Task directions => Which lines below contain the word "creating"? Copy each one.

Provided information =>
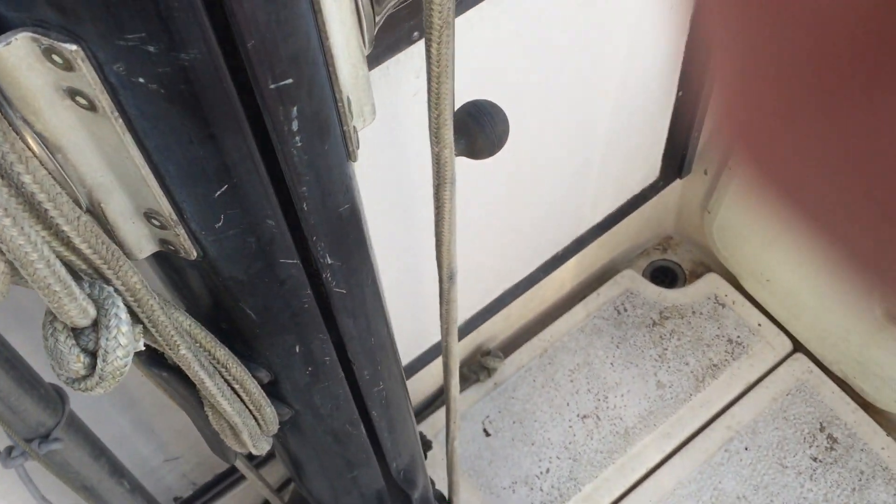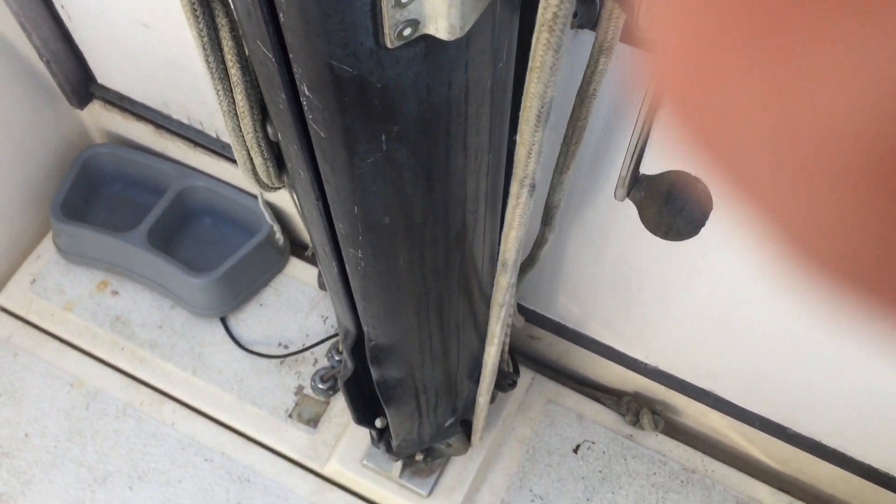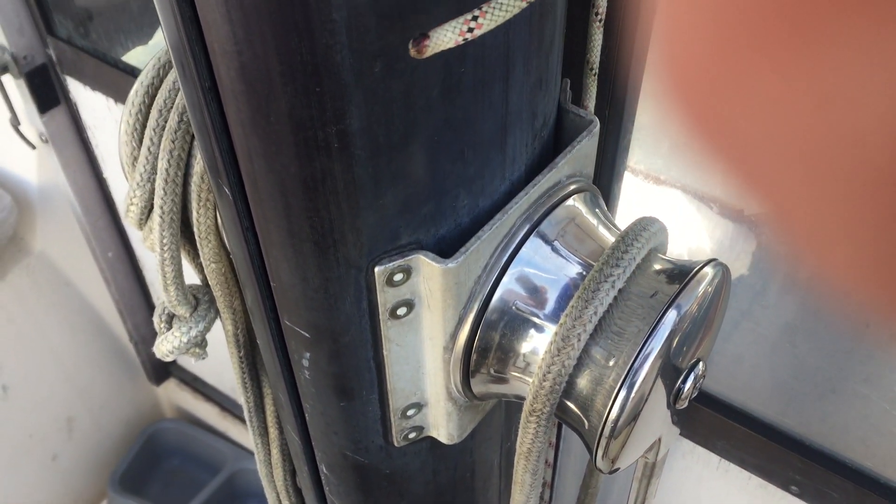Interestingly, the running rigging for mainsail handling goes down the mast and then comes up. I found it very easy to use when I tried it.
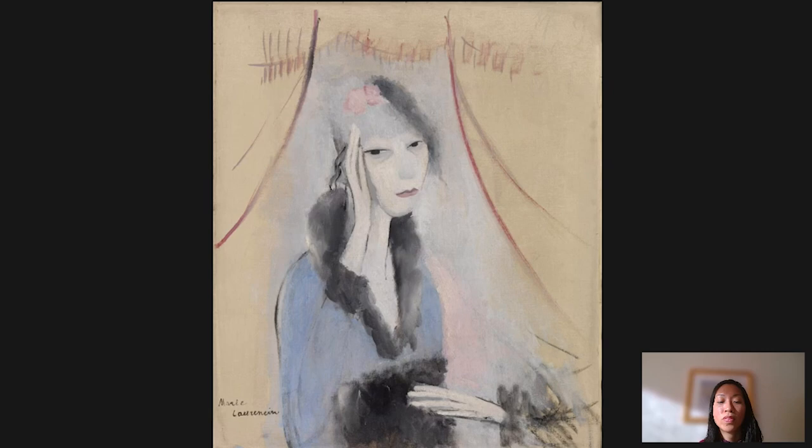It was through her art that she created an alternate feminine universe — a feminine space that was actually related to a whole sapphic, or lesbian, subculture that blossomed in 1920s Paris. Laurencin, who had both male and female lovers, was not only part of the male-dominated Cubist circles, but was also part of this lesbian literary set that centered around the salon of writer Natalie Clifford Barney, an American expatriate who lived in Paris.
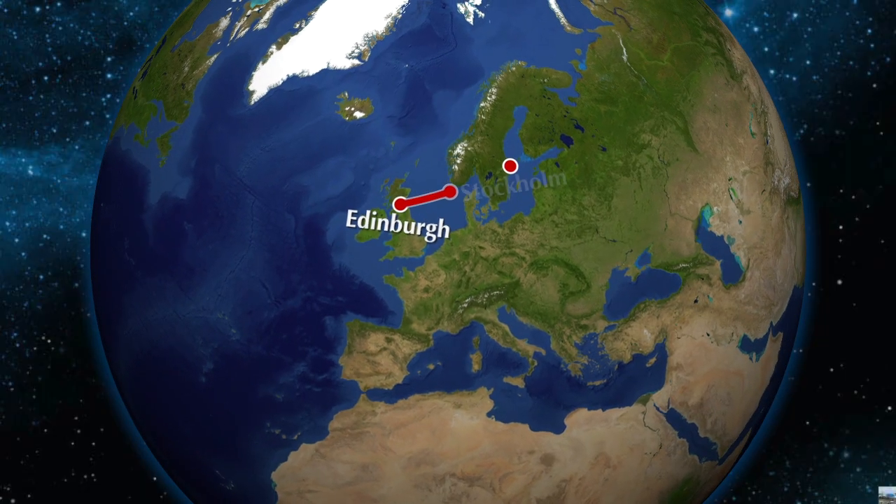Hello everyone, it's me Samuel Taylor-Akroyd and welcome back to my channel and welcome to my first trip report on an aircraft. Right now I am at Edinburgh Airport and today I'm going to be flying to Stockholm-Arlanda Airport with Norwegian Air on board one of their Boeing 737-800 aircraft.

--

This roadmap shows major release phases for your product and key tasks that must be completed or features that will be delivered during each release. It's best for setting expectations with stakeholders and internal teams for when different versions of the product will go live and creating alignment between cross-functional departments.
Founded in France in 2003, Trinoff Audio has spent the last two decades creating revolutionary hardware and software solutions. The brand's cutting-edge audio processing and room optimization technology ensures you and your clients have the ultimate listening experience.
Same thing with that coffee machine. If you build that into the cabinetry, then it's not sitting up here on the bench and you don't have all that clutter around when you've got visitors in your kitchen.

---

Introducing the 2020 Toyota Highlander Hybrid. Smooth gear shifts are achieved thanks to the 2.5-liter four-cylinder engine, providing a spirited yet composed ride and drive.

Answer for the task =>
This roadmap shows major release phases for your product and key tasks that must be completed or features that will be delivered during each release. It's best for setting expectations with stakeholders and internal teams for when different versions of the product will go live and creating alignment between cross-functional departments.
Founded in France in 2003, Trinoff Audio has spent the last two decades creating revolutionary hardware and software solutions. The brand's cutting-edge audio processing and room optimization technology ensures you and your clients have the ultimate listening experience.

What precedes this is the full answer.